Inzwischen bin ich kein angestellter Motorjournalist mehr, sondern als Fotograf und Autor freiberuflich tätig, und wie jeder Selbstständige brauche ich Kunden. Also dachte ich, es wäre eine gute Idee, auf einer zweitägigen Oldtimerveranstaltung in Potsdam mit Tausenden Besuchern einen Stand zu haben, dort meine besten Bilder in DIN A2 aufzuhängen und mich bekannt zu machen.

Dafür habe ich meinen Urlaub unterbrochen, 2000 Euro in einen Top-Drucker samt Tinte und Papier investiert und zum offiziellen Veranstaltungsmagazin kostenlos Texte und Fotos beigesteuert – darum habe ich dann keine Standmiete zahlen müssen.

Und wer jetzt auf die Pointe wartet: Es gibt keine, es war kein totaler Flop, auch wenn ich keinen einzigen Auftrag erhalten habe.

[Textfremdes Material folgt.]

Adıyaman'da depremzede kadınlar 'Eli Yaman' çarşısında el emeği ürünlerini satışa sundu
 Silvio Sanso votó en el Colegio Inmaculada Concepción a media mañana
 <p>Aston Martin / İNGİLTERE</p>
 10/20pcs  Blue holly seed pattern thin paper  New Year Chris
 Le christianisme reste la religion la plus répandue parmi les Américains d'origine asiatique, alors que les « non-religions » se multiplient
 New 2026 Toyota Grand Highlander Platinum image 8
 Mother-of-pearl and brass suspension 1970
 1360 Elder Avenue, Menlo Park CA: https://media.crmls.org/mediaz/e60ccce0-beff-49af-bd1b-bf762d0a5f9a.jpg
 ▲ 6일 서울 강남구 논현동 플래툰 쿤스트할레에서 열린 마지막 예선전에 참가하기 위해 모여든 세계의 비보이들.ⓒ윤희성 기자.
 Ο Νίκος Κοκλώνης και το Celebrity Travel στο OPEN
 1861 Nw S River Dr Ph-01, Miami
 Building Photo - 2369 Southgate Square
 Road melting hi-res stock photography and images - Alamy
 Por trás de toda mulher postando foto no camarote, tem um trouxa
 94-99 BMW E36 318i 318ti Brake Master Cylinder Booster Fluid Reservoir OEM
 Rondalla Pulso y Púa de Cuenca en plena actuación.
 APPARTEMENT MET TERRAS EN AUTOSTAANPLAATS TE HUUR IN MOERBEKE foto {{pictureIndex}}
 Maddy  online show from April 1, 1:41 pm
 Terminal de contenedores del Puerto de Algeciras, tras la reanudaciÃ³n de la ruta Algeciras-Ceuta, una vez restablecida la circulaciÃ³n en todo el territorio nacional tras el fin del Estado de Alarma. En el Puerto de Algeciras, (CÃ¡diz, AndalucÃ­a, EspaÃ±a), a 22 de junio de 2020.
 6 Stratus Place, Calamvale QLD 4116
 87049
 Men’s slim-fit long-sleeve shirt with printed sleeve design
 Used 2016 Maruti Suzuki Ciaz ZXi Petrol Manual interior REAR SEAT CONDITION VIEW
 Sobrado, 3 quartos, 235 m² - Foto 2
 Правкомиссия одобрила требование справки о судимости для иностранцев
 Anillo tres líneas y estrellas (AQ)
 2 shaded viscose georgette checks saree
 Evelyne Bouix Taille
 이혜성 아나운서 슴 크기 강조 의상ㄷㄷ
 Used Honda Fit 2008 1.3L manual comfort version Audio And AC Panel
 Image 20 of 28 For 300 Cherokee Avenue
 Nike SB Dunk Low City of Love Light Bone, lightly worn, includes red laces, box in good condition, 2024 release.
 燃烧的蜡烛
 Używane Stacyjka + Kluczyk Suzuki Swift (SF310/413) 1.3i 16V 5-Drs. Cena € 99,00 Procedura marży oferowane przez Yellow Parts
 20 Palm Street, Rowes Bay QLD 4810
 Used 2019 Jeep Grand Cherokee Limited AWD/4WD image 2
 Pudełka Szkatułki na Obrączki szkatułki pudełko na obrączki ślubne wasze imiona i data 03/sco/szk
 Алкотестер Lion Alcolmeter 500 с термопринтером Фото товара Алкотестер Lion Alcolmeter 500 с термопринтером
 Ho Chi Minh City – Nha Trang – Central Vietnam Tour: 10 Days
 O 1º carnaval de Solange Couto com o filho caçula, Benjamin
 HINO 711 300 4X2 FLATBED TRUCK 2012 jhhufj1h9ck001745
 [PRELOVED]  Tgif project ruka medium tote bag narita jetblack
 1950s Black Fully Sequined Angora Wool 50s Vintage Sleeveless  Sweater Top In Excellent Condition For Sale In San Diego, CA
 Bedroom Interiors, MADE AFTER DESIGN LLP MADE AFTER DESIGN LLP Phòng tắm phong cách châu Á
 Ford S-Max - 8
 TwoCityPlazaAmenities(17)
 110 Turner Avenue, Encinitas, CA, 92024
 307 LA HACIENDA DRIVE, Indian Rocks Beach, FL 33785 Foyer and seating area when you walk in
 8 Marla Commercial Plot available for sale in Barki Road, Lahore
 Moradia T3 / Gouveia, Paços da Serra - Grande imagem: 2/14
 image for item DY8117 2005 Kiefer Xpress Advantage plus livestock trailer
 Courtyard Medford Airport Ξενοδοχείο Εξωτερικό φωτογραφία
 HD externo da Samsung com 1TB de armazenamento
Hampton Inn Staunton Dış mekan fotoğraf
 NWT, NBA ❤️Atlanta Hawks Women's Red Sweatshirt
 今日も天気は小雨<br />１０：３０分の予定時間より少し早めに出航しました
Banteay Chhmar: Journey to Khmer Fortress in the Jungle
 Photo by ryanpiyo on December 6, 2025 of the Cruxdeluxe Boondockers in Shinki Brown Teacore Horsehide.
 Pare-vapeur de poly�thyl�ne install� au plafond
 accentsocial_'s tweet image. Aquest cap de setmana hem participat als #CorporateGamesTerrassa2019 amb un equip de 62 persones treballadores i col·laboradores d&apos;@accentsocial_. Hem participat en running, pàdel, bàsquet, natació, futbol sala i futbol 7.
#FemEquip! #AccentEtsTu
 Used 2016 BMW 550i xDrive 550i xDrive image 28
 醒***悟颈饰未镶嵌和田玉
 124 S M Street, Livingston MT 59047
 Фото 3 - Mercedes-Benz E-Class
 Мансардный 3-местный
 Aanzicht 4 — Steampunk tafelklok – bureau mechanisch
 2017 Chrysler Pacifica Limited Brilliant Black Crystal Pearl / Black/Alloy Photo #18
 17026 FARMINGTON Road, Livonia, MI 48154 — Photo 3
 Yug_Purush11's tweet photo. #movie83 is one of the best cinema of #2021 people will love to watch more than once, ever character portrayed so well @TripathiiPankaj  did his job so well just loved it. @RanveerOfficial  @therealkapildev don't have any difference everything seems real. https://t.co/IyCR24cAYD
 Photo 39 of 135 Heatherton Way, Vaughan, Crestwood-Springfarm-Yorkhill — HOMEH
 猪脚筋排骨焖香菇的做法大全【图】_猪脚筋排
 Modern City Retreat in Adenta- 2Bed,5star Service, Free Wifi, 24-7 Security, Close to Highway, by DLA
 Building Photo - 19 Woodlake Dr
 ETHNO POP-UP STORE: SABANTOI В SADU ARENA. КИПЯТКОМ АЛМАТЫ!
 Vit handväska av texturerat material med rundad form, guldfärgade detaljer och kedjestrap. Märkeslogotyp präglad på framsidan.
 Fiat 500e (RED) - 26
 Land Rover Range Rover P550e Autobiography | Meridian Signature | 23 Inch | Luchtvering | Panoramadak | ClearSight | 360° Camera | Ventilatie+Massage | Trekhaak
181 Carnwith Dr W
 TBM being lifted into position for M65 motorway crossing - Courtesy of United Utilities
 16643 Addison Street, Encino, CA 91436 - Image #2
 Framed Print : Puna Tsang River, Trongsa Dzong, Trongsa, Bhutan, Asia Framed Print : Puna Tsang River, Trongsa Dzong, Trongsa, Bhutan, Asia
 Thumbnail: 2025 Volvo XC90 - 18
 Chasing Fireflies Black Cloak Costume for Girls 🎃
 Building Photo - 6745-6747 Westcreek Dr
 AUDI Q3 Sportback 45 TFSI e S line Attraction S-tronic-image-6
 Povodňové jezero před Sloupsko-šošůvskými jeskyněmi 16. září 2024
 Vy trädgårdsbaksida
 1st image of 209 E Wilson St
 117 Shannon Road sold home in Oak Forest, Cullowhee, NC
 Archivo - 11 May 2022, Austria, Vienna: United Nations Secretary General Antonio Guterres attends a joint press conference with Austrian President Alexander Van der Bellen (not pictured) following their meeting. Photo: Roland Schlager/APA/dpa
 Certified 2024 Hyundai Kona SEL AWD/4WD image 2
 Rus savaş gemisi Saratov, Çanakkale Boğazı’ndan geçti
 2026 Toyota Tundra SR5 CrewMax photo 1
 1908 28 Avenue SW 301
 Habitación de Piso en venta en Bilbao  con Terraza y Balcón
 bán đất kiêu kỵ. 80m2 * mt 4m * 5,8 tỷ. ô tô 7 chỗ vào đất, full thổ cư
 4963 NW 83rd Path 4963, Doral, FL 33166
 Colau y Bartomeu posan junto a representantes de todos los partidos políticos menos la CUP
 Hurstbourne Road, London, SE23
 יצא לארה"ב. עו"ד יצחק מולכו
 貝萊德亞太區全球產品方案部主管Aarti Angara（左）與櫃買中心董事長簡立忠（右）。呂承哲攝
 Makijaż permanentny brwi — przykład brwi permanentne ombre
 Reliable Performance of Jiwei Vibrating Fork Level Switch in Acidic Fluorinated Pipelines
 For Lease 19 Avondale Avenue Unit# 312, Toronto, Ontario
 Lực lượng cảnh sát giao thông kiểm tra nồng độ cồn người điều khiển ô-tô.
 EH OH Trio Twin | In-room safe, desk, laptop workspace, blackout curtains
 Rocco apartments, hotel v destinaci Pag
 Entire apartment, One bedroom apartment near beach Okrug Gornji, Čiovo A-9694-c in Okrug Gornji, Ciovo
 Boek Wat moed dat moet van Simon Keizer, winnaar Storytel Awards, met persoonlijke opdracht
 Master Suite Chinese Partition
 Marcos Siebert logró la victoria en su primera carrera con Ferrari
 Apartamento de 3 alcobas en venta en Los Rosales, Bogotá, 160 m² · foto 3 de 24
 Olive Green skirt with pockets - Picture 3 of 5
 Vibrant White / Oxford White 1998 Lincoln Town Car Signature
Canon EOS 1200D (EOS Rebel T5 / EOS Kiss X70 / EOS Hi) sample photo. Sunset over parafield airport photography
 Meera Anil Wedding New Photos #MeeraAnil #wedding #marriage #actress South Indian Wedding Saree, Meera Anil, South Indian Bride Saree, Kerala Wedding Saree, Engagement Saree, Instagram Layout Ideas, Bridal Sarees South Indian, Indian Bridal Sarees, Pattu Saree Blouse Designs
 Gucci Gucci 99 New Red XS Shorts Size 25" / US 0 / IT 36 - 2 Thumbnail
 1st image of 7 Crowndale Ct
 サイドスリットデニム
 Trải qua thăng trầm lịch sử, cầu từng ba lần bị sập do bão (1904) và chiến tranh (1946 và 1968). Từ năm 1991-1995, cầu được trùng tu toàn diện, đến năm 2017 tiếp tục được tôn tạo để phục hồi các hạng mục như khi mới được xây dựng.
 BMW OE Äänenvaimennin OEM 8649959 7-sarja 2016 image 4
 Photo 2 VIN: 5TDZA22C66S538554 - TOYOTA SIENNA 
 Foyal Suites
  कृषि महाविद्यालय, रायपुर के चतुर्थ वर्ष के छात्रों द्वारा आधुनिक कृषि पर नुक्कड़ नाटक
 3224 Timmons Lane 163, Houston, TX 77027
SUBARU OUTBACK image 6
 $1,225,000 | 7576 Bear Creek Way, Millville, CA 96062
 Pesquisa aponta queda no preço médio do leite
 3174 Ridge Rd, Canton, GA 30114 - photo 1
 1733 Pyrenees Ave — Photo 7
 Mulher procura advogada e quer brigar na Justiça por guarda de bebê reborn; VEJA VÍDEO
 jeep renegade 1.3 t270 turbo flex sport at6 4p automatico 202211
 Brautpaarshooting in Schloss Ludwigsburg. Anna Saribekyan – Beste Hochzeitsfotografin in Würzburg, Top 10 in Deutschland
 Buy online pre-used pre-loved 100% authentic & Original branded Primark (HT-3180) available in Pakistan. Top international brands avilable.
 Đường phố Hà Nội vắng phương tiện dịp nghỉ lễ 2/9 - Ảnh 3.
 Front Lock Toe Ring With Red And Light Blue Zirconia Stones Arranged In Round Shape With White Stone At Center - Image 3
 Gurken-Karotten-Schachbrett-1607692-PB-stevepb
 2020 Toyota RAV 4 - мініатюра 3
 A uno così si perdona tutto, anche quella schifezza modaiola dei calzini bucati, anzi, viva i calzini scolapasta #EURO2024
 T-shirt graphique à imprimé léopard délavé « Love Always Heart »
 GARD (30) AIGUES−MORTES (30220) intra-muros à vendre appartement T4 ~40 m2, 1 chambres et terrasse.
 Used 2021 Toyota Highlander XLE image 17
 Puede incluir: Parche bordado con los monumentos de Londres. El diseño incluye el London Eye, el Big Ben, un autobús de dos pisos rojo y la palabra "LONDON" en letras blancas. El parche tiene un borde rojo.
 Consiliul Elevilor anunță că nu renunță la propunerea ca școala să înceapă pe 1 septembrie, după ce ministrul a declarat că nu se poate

Denn so funktioniert es nicht mit der Selbstständigkeit. Man kann sich nicht hinstellen, ein paar nette Bilder zeigen und glauben, alles Weitere ergebe sich schon. Aber man kann da sein, mit interessanten Menschen ins Gespräch kommen und – zeigen, wer man ist.

Die Leute wollen ja nicht nur gute Fotos. Sie müssen dazu notwendigerweise auch recht eng mit dem Fotografen zusammenarbeiten, und da ist es zumindest für mich Gold wert, wenn sie mich vorher persönlich kennen lernen können. Schöne Gespräche haben sich am Stand ergeben, über Fotografie, über Autos, über meine Arbeitsweise. Solche Kontakte sind mir extrem viel wert, gerade weil ich eine Ware anbiete, die nicht jeden Tag in der gleichen Form hergestellt werden kann wie ein Industrieprodukt.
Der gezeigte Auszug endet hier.